Existing reports indicate that ITGAM (alpha M integrin subunit) plays a crucial role in the activation and movement of inflammatory cells24.Earlier investigations demonstrated that ITGAM primarily facilitates the advancement of sepsis by enhancing the liberation of HMGB1 through nuclear and cytoplasmic translocation and activation. Antibodies or inhibitors that block ITGAM protect mice from the mortality linked to LPS and bacterial sepsis25.The current investigation shows that ITGAM is primarily found in macrophages and is significantly expressed in individuals with sepsis26. Additionally, the integrin CD11b, encoded by ITGAM, is present on the surface of macrophages and plays a role in adhesion, migration, and cell-mediated cytotoxicity. Knocking down ITGAM resulted in CD11b deficiency, which increased the pro-inflammatory activity of macrophages. This led to higher production of TNF-α and IL-6, resulting in increased susceptibility to sepsis induced by methicillin-resistant Staphylococcus aureus (MRSA) infection.
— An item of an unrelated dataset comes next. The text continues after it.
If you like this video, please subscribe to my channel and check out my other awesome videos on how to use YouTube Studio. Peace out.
Additionally, CD11b deficiency upregulated the expression of IL-4-induced anti-inflammatory mediators. Macrophages inhibit T cell activation through the production of IL-10 and arginase-1. Low expression of ITGAM enhances NF-κB signalling activation and Akt phosphorylation, promoting the functional activation of macrophages with pro-inflammatory and immunomodulatory phenotypes. Additionally, a different research discovered that ITGAM also has a significant impact on sepsis caused by methicillin-resistant Staphylococcus aureus (MRSA).After being infected with MRSA, the mortality rate of ITGAM knockout mice was considerably greater compared to that of control mice26.
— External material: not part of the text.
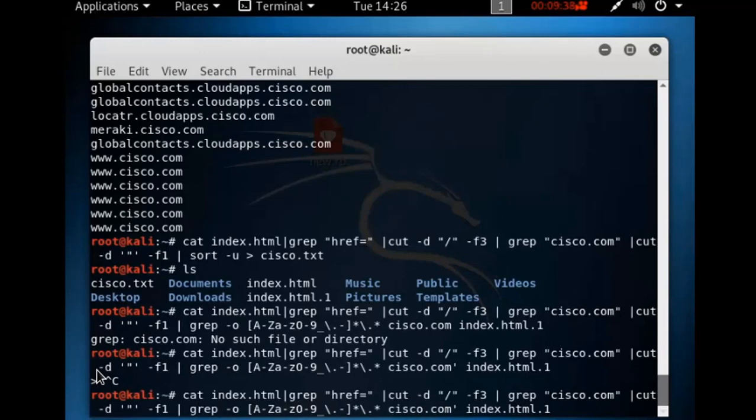There is a small mistake — a comma — so we need to remove that comma and correct the command.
It was previously believed that C3AR1 (receptor 1 for complement component 3a) was limited to the innate immune response and had a function in the complement cascade. However, the involvement of C3AR1 has been expanded to encompass cancer, neurogenesis, and pituitary hormone release27.Our research findings indicate a significant expression of C3AR1 in individuals afflicted with sepsis, predominantly within macrophages. In sepsis, heightened C3AR1 expression triggers augmented MAPK signaling downstream of TLR4 in macrophages and Ifnar stimulation, thereby amplifying the production of pro-inflammatory mediators.Additionally, C3AR1 might play a role in the differentiation between M1 and M2 macrophages28. This differentiation leads to a shift towards an M2 phenotype, where macrophages can become excessively activated and produce an abundance of pro-inflammatory cytokines in the early stages. If the pro-inflammatory response induced by macrophages cannot be properly controlled, it may result in a cytokine storm, leading to macrophage apoptosis and ultimately causing immunosuppression29,30,31,32.Thus,C3AR1 may contribute significantly to the pathophysiology of sepsis. The identification of the central gene may contribute to prognostic markers or therapeutic targets in sepsis.
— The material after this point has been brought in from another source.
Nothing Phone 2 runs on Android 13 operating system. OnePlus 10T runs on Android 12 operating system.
For this research, we employed RNA sequencing of human peripheral blood, liquid chromatography coupled with mass spectrometry (LC–MS/MS technology), and 10× single-cell RNA sequencing. Additionally, we utilized data from the GEO public database to identify the key genes associated with sepsis clinical phenotypes. Our aim was to investigate the expression of these core genes from various perspectives, offering valuable insights for future comprehensive investigations. The main focus of this research was to examine the coherence between gene and metabolite expression patterns in blood. Specifically, our focus was primarily on the augmented manifestation of elemental components in plasma, which may potentially be linked to intercellular communication or leakage following cellular death. However, a considerable number of crucial genes remain unexpressed in plasma, specifically certain transcription factors that undergo relocation to the nucleus. One limitation of this research is its observational nature, lacking any supplementary functional validation of the target genes.

Conclusion

Macrophages predominantly express the key genes ITGAM and C3AR1, which play a significant role in inflammatory and immune responses. Moreover, these genes exhibit high expression in the plasma of sepsis patients, indicating their potential as valuable research targets for sepsis.